**TASK TO COMPLETE**
Please write out only the lines from the line with "I Have It All" to the line with "ENERGETICS Pamela W Swimsuit Green", inclusive, exactly as they stand below, without the pictures.
--
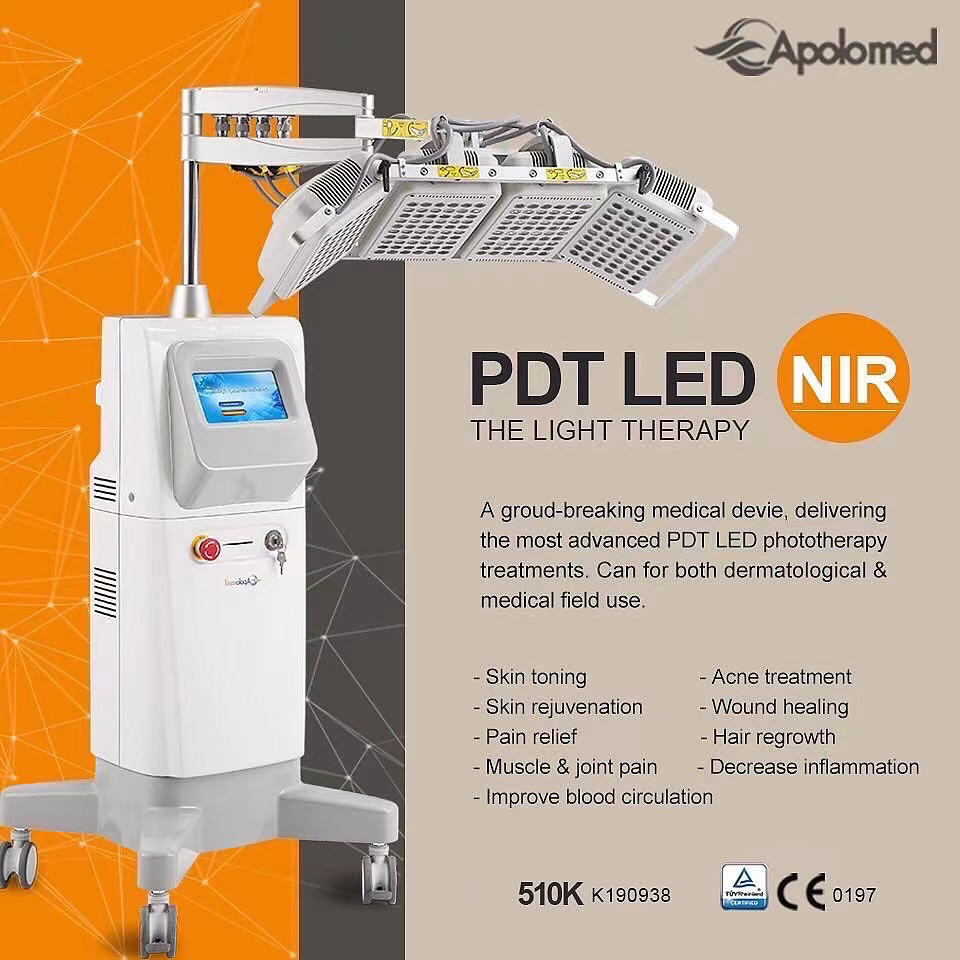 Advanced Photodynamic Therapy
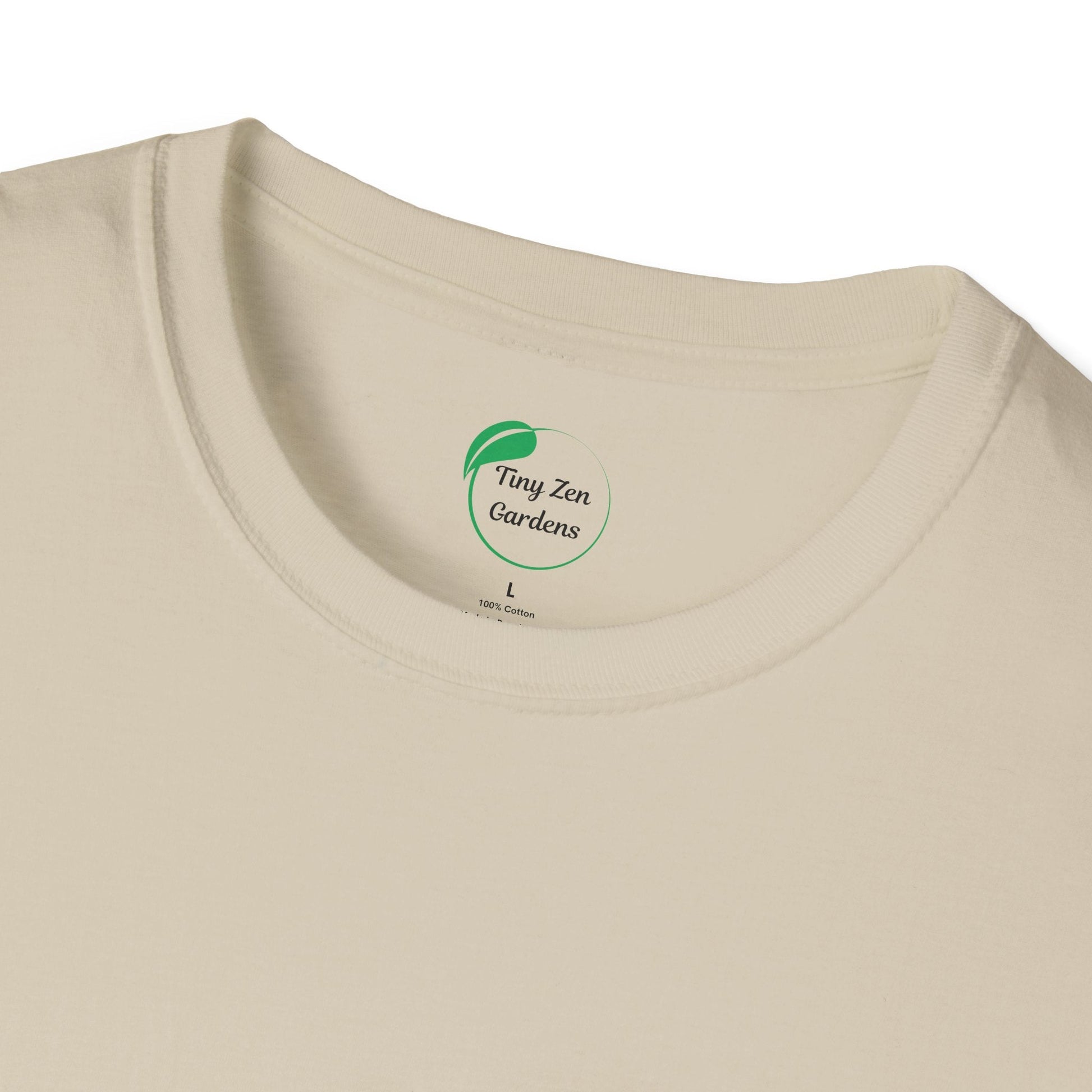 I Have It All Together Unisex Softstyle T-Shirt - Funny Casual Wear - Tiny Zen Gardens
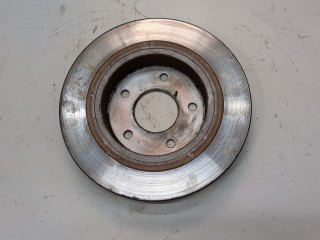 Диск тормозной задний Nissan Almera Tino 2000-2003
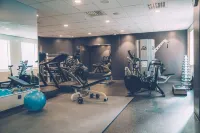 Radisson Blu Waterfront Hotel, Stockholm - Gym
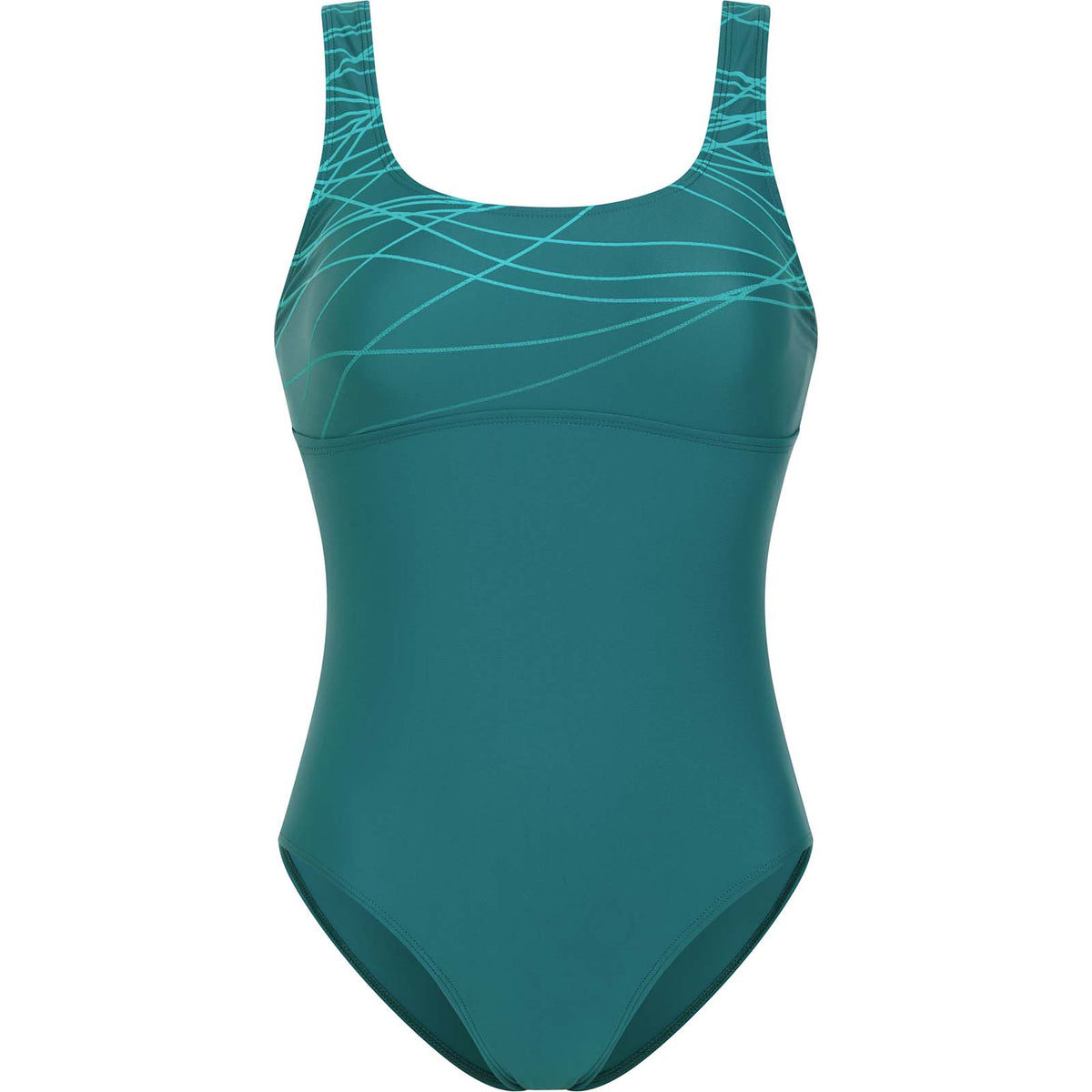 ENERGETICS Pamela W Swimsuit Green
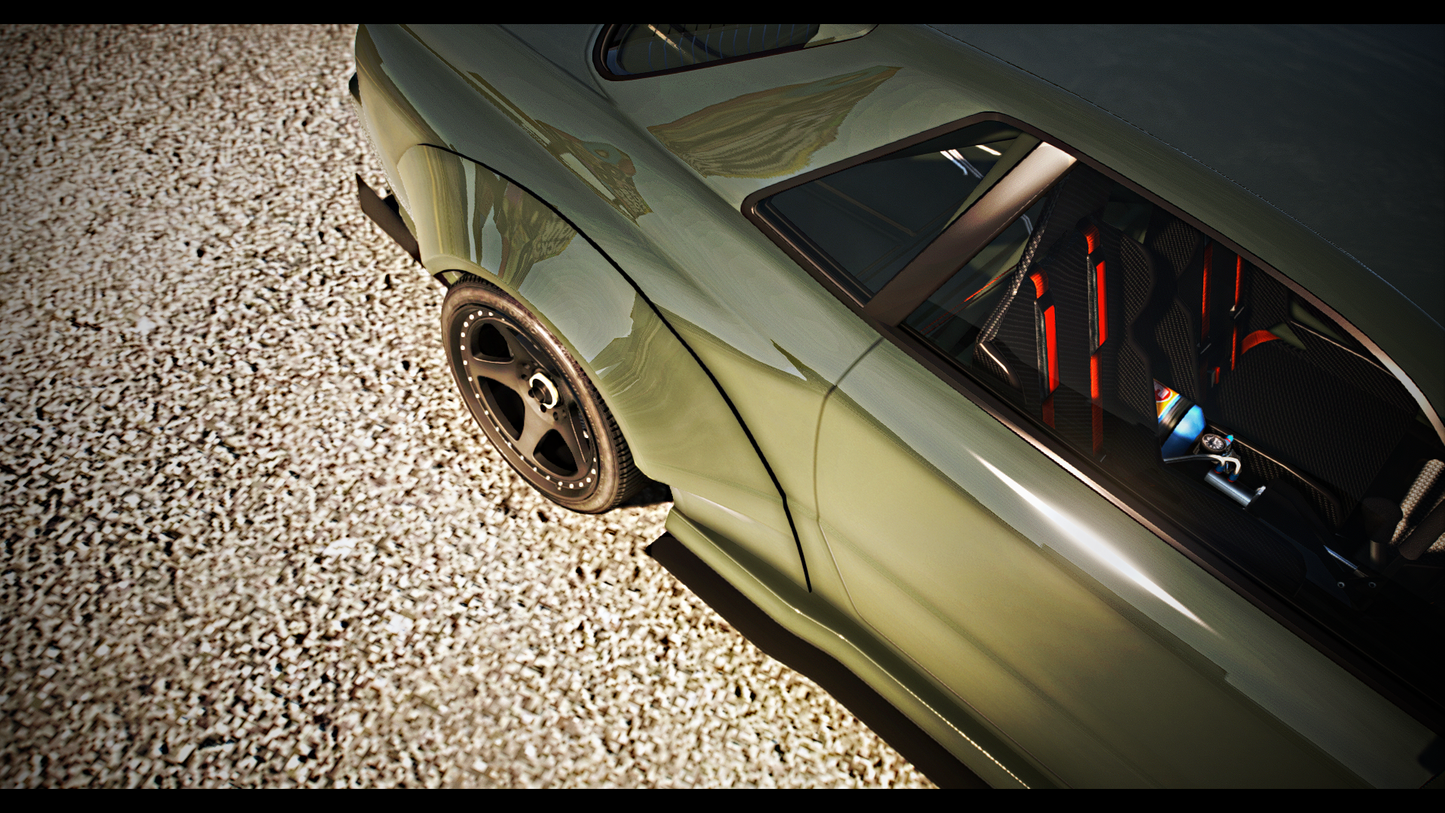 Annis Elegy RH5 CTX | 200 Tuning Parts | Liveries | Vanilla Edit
--
**SOLUTION**
 I Have It All Together Unisex Softstyle T-Shirt - Funny Casual Wear - Tiny Zen Gardens
 Диск тормозной задний Nissan Almera Tino 2000-2003
 Radisson Blu Waterfront Hotel, Stockholm - Gym
 ENERGETICS Pamela W Swimsuit Green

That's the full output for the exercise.